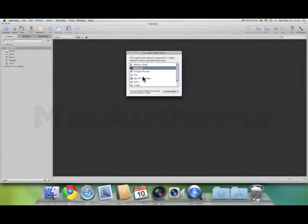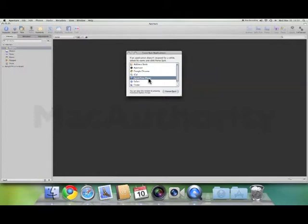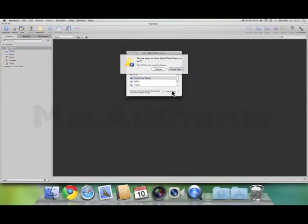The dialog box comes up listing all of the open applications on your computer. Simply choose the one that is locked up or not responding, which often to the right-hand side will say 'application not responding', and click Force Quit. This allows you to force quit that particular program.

§ §

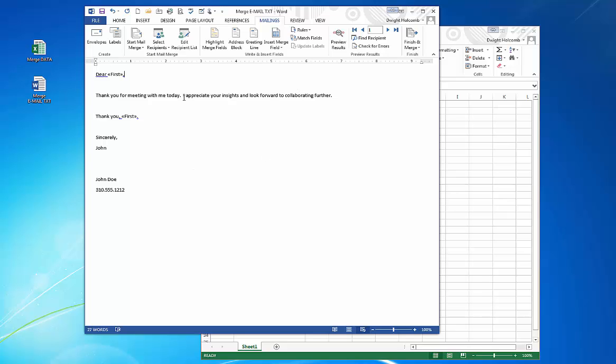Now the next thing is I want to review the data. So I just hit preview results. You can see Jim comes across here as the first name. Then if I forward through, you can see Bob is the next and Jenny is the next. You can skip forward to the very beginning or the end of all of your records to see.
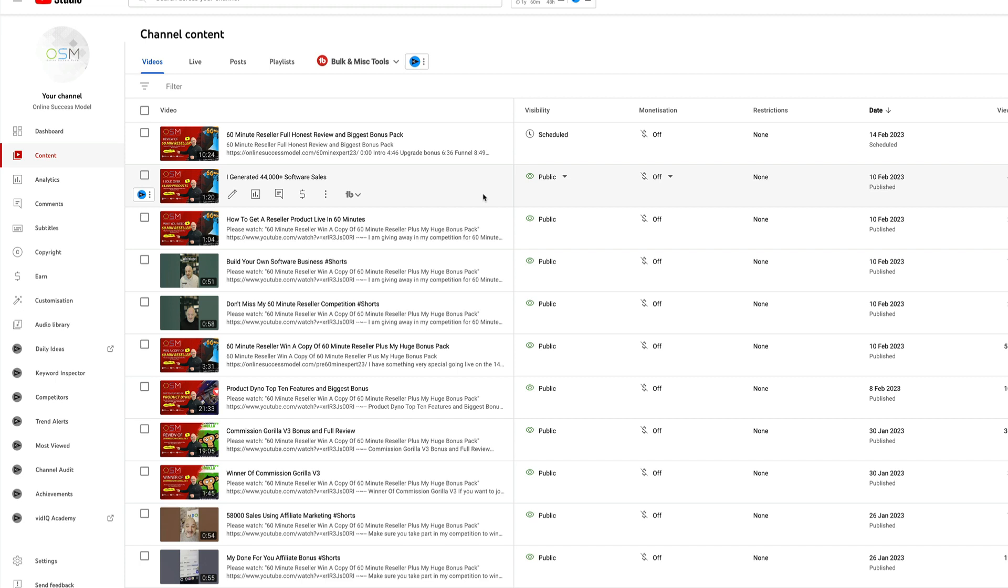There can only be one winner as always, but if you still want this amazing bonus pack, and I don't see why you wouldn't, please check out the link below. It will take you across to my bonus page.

§ §

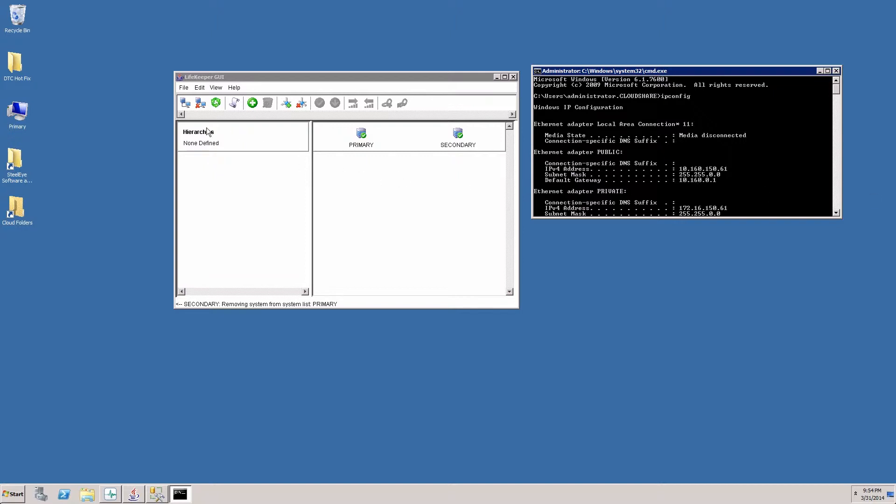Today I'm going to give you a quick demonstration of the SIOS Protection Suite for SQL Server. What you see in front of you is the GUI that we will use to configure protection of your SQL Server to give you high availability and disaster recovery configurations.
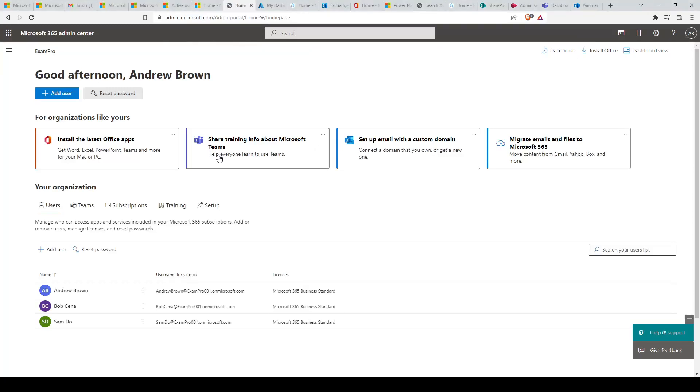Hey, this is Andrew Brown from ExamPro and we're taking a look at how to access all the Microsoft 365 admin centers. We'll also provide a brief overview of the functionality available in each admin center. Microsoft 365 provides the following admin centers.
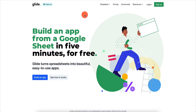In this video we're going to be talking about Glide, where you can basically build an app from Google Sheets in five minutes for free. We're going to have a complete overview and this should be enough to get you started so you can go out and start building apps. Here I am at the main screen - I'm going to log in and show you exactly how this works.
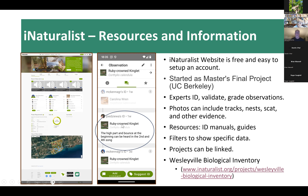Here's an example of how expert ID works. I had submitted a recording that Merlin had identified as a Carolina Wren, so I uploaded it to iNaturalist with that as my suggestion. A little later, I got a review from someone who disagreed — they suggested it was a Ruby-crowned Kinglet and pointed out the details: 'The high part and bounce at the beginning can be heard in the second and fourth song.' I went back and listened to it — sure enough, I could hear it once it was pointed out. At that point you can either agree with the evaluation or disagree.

§ §

What you have to do:
Using the entries above, reproduce word for word only the lines from the one that contains "Now the next" to the one that contains "There can only", both ends included, and drop every picture.

Answer:
Now the next thing is I want to review the data. So I just hit preview results. You can see Jim comes across here as the first name. Then if I forward through, you can see Bob is the next and Jenny is the next. You can skip forward to the very beginning or the end of all of your records to see.
There can only be one winner as always, but if you still want this amazing bonus pack, and I don't see why you wouldn't, please check out the link below. It will take you across to my bonus page.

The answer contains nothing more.